A person who had masculine attitudes, traits, and values would naturally prefer abortion, and substantiate it ethically in the same way that most feminists do. On the other hand, a person possessing feminine attitudes, traits and values will not make such option or justify it in any way. Feminist contemplation about abortion has been intensely permeated by individualism, which they fervently criticize. The woman is assumed to have the solitary authority to choose the result of the pregnancy. If sympathy nurturance and taking responsibility for caring for others are attributes of the feminine voice, abortion will not emerge to be a feminine reaction to an unwanted pregnancy. It is quite striking that feminists protecting abortion slip so fast into speaking in a masculine voice. Among the feminists trying to defend and articulate the importance of the feminine voice, few have made some solemn effort to grapple with abortion (Celia, 1993).
Although, human being is genetically very alike to the evolutionarily connected nonhuman hominids, relative studies propose an astonishing number of exclusively human differences in the severity and occurrence of biomedical conditions. Some differences are as a result of anatomical transformations, which took place during human evolution. Nevertheless, many cannot be described either by identified environmental factors or these changes (Varki et al., 2011).

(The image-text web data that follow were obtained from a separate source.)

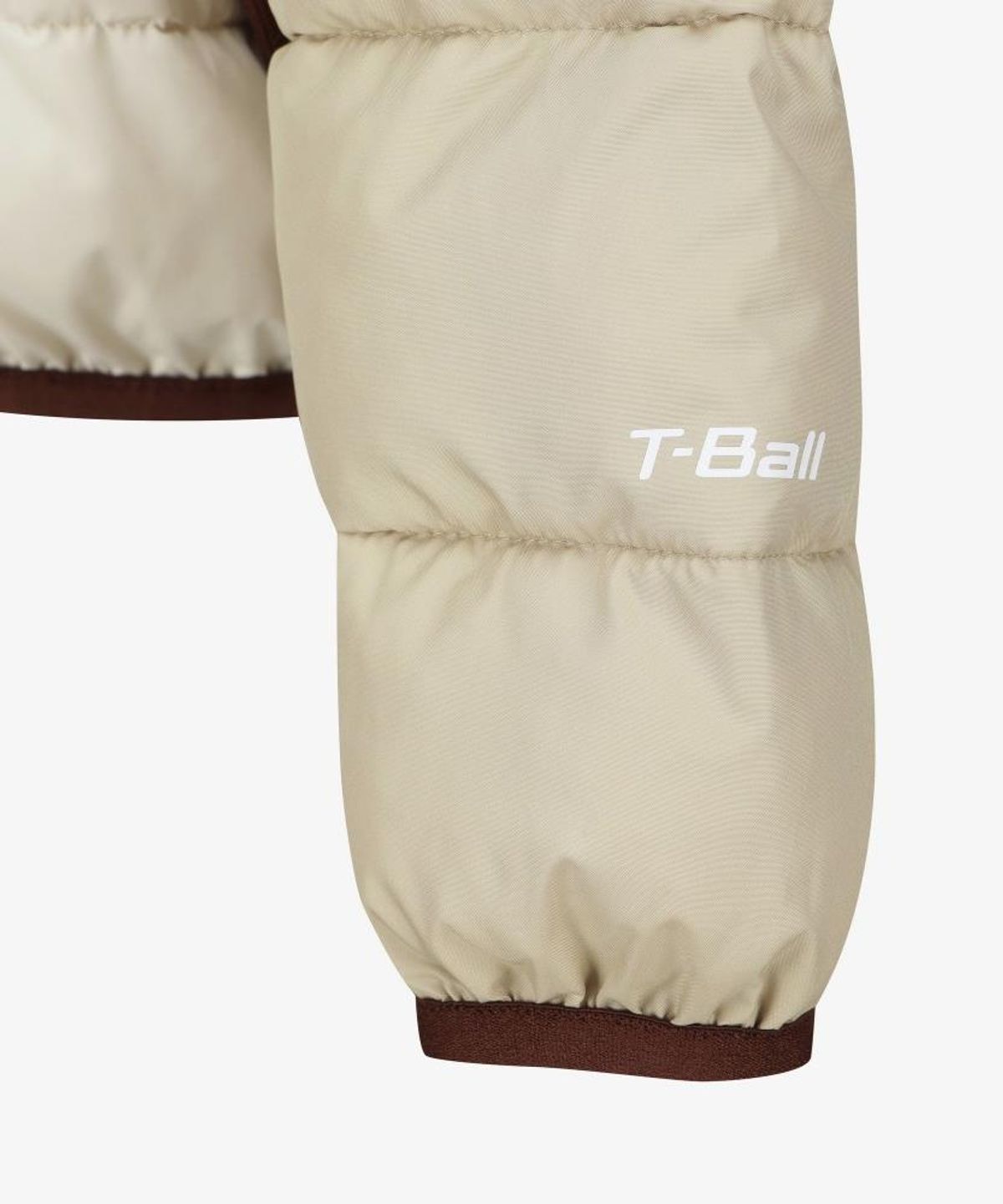 노스페이스 키즈(THE NORTH FACE KIDS) 키즈 올리 티볼 패딩 자켓 NJ3NS54T_BEI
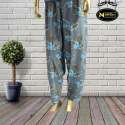 Floral Print Cotton Ladies Pant  thumb 1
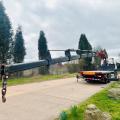 SCANIA R410 8X2 FLAT 82 TON CRANE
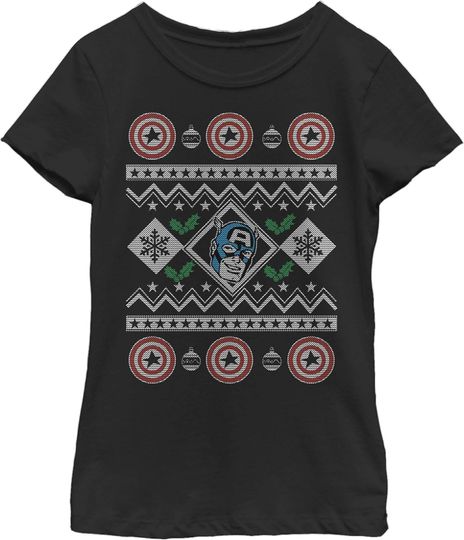 Discover Fifth Sun Little, Big Marvel Classic Cap Sweater Girls Short Sleeve Tee Shirt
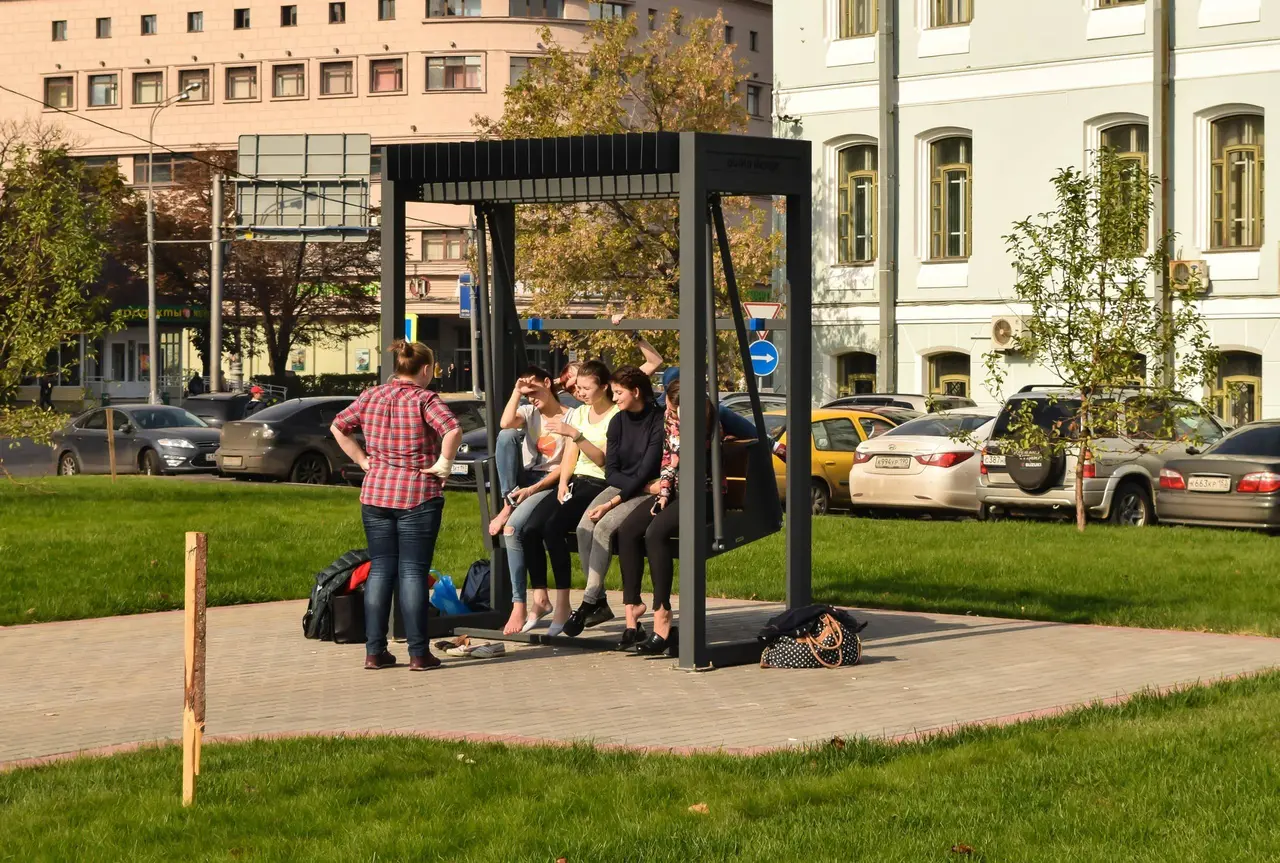 Punto Design - Relax | Hanging bench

BBC, Article (2012). Selective abortion. Retrieved from http://www.bbc.co.uk/ethics/abortion/medical/selective_1.shtml
This article addresses selective abortion and several reasons, which pro-choice supporters give in regard to abortion. There are ethical issues addressed concerning cultural practices and beliefs that contribute abortion. It argues that a number of cultures allow abortion if it is found that the unborn baby is a girl.

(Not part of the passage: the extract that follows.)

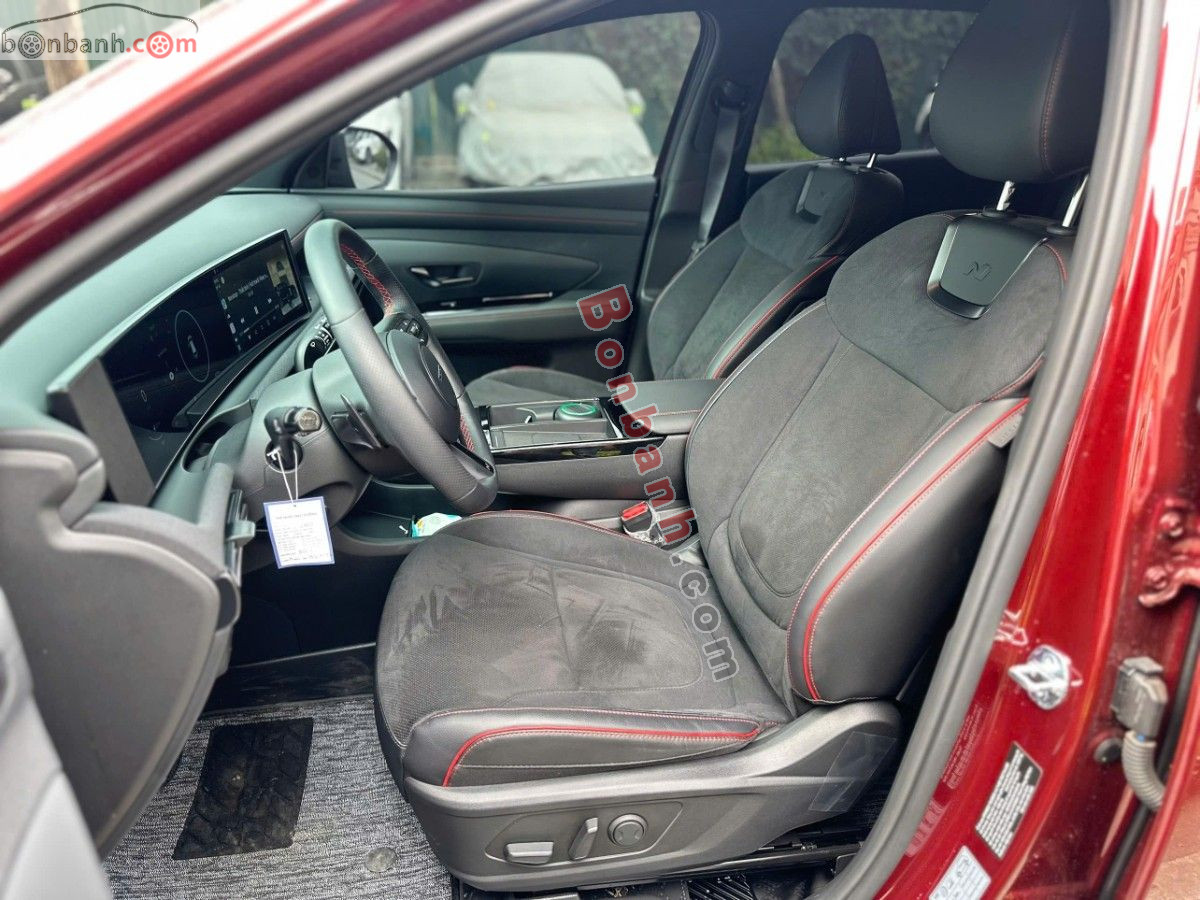 Bán ô tô Hyundai Tucson N Line 1.6 AT Turbo HTRAC - 2025 - xe cũ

BBC, Ethics guide. n.p. (2012). Potential human, potential rights. Retrieved from http://www.bbc.co.uk/ethics/abortion/child/potential.shtml
The article gives an explanation of potential human and the potential rights of the fetus. It further argues and justifies that a potential human does not have the same rights as an actual human. Moreover, the rights of a potential human are potential rights and not the actual rights.
Celia, W. (1993). Abortion and the “Feminine Voice.” Retrieved from http://celiawolfdevine.com/pdf/Abortion-and-the-Feminine-Voice.pdf
The author focuses his readers’ attention on masculine and feminine perspective in regards to abortion. It argues that individuals with masculine traits prefer abortion that individuals with feminine traits. The author outlines the effort of the feminine force regarding the fight against abortion.
Douglas, S. (2005). Abortion: A modern holocaust? Cover story. Retrieved from https://www.tomorrowsworld.org/magazines/2005/mar-apr/abortion-a-modern-holocaust
This article discusses the issues of abortion based on the historic perspective, global view and Biblical understanding. It further gives reasons given by the supporters of abortion as well as the argument of the anti-abortion supporters.
Suyashgoenka (2009). Abortion- ethical issue. Retrieved from https://www.studymode.com/essays/Abortion-Ethical-Issue-217417.html
The author highlights several ethical issues related to abortion. He also discusses religious view regarding abortion and the potential issues that arise due to abortion. The article contains a description of two different types of abortion.